Autoregressive language models, including OpenAI’s GPT-3.5 and DeepSeek’s R1, have largely powered the chatbot boom due to their strengths in understanding and generating human language. Nevertheless, researchers continue to explore diffusion language models for potentially greater capabilities.


Ant Group’s focus on alternative model paradigms highlights how China’s technology firms are enhancing algorithmic and software optimisation. This strategy aims to counterbalance the country’s disadvantages in advanced AI chips.


Internal tests conducted on Ant’s diffusion model LLaDA-MoE showed dInfer generated an average of 1,011 tokens per second on the HumanEval code-generation benchmark. This compares with 91 tokens per second for Nvidia’s Fast-dLLM and 294 for Alibaba’s Qwen-2.5-3B model, which was optimised with vLLM.


Researchers noted that these results help address a primary limitation of diffusion language models: their high computational cost. "We believe that dInfer provides both a practical toolkit and a standardised platform to accelerate research and development in the rapidly growing field of dLLMs," Ant researchers wrote in a technical report.

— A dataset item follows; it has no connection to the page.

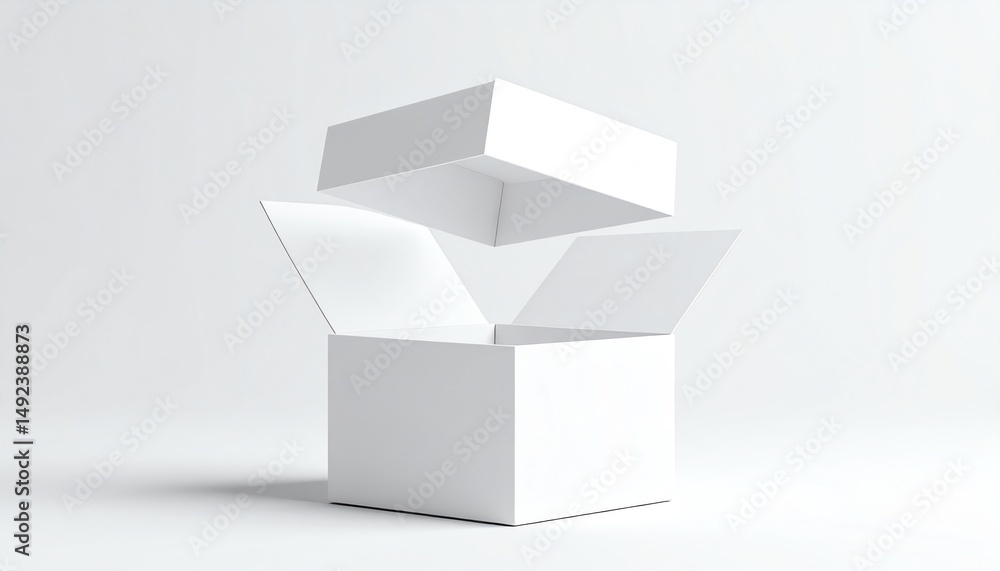 Poster a minimalistic image featuring a white box with one lid slightly open above it, creating a sense of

This announcement follows other artificial intelligence activities from the Hangzhou-based firm. On Tuesday, Ant Group unveiled a one-trillion-parameter large language reasoning model, one of the world's biggest open-sourced models, which scored strongly on reasoning benchmarks.

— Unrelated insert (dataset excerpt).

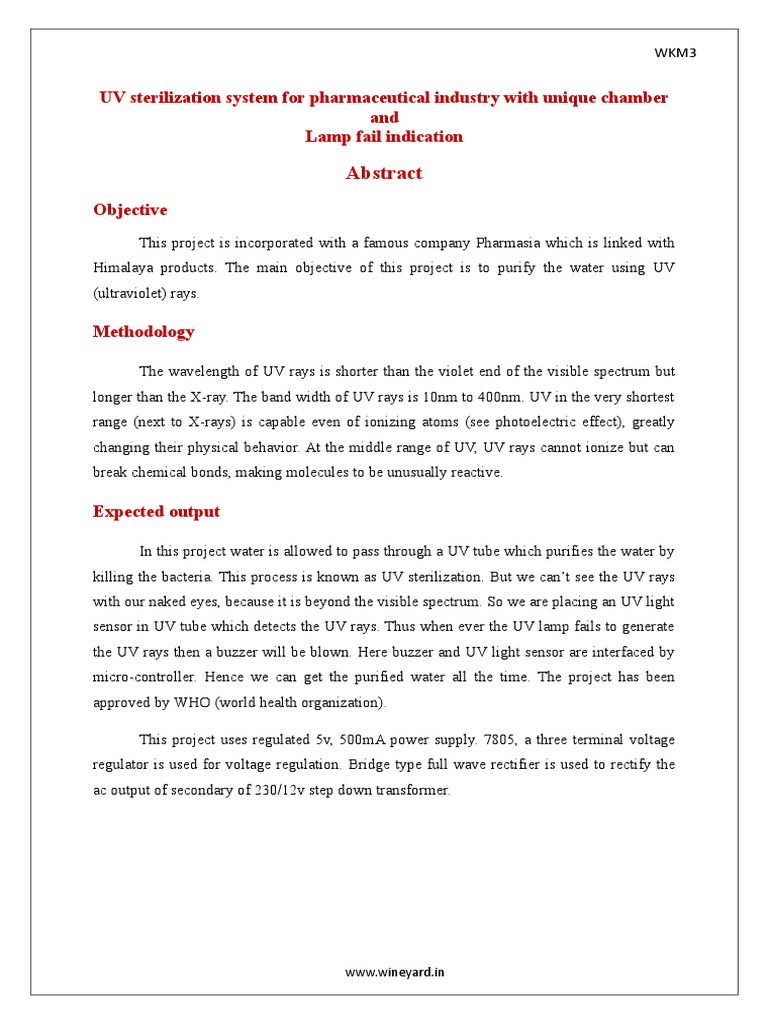 UV Sterilization System For Pharmaceutical Industry With Unique Chamber
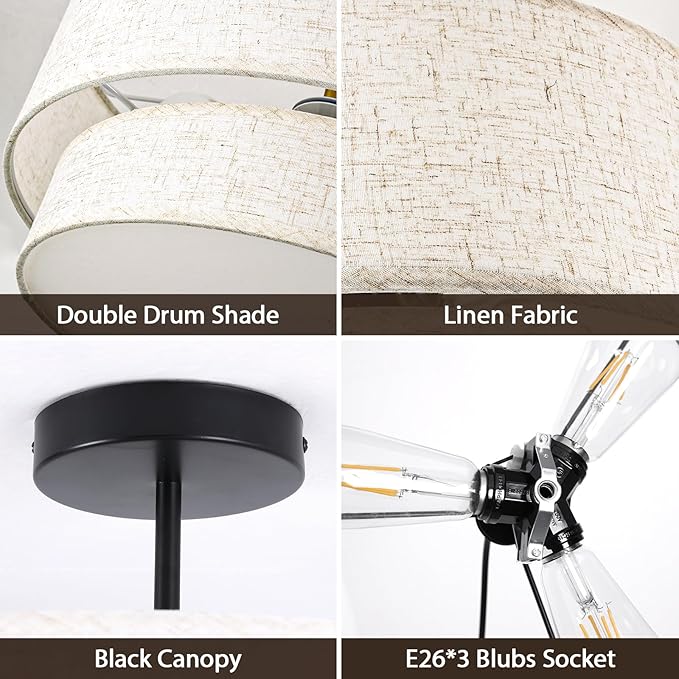 16" Semi Flush Mount Ceiling Lights, 3 Light Entryway Ceiling Light Fixtures with Double Drum Linen Fabric Shade, Large Drum Light Fixture for Bedroom, Foyer and Hallway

Ant Group entered the AI model race in 2023 with a self-developed financial large language model. Its current portfolio includes the Ling series non-thinking large language models, Ring series reasoning models, Ming series multimodal models, and the experimental diffusion model LLaDA-MoE. The company is also developing AWorld, a framework supporting continual learning among AI agents.


Digital circuit board with glowing blue AI chip in the center, surrounded by intricate lines on a dark blue background, conveying technology.

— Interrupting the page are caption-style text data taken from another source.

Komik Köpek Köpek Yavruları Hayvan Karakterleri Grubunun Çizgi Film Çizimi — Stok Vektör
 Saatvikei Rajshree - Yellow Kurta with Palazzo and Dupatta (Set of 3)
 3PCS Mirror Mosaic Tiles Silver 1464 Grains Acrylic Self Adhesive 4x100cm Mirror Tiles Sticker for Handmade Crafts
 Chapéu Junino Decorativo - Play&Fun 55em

"At Ant Group, we believe artificial general intelligence (AGI) should be a public good – a shared milestone for humanity’s intelligent future," said Chief Technology Officer He Zhengyu. AGI refers to a theoretical AI system that could surpass humans in most economically valuable tasks, a goal for companies like OpenAI and Alibaba.


Other Chinese technology firms are also experimenting with alternative model paradigms. In late July, TikTok owner ByteDance introduced Seed Diffusion Preview, a diffusion language model it claimed achieved speeds five times faster than comparable autoregressive models.

  • Ant Group open-sourced dInfer, an AI inference framework for diffusion language models.

  • dInfer is claimed to be up to 10 times faster than Nvidia’s Fast-dLLM and three times faster than vLLM from the University of California, Berkeley.

  • The framework helps address the high computational cost typically associated with diffusion language models.